Marie entledigte sich der blöckischen Schuhe, die das Mädchen gleich in die Hand nahm.

»Können Sie mir Schreibmaterialien verschaffen?«

»Kann ich!« brummte sie, mit den Stiefeln zur Thür hinausgehend.

In ihrer Abwesenheit trank Marie den Thee. Er war halb kalt geworden, aber stark und bitter und gewährte doch einige Belebung. Das Mädchen kam richtig mit einem beschmutzten, zerknillten Briefbogen und Feder und Tinte zurück.
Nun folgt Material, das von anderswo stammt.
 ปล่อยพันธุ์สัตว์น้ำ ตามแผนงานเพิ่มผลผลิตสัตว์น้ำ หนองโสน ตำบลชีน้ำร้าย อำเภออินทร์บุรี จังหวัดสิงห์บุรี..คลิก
»Ein Couvert find' ich nicht,« sagte sie, »da müßt' ich erst eins kaufen, aber da ist eine Oblate, die thut's wohl auch?«

»Gewiß!« sagte Marie, sich gleich ans Schreiben machend. Sie schrieb:

»Inspektor Prickett von der englischen Polizei ist in Vancouver, wo er drei Männer erwartet, für die er einen Haftbefehl in Händen hat. Diese Männer sind hier in Edmonton. Ich habe mit Inspektor Prickett verabredet, ihm deren Anwesenheit durch die Worte: ›Glücklich angekommen. Harcourt,‹ anzuzeigen. Ich übersende durch die Ueberbringerin zehn Dollars und bitte, das Telegramm sofort abgehen zu lassen. Der Behörde gegenüber bin ich zu jeder Auskunft bereit, von höchster Wichtigkeit aber ist, daß das Geheimnis meiner Anwesenheit hier streng gewahrt bleibt, bis die betreffende Verhaftung erfolgt sein wird.

Marie Harcourt.«

Während des Schreibens wäre sie beinahe wieder in eine Schwäche verfallen. Der Kampf mit der Widerborstigkeit des Dienstmädchens hatte sie erregt und über ihren Zustand getäuscht; jetzt ward sie sich der äußersten Erschöpfung wieder bewußt.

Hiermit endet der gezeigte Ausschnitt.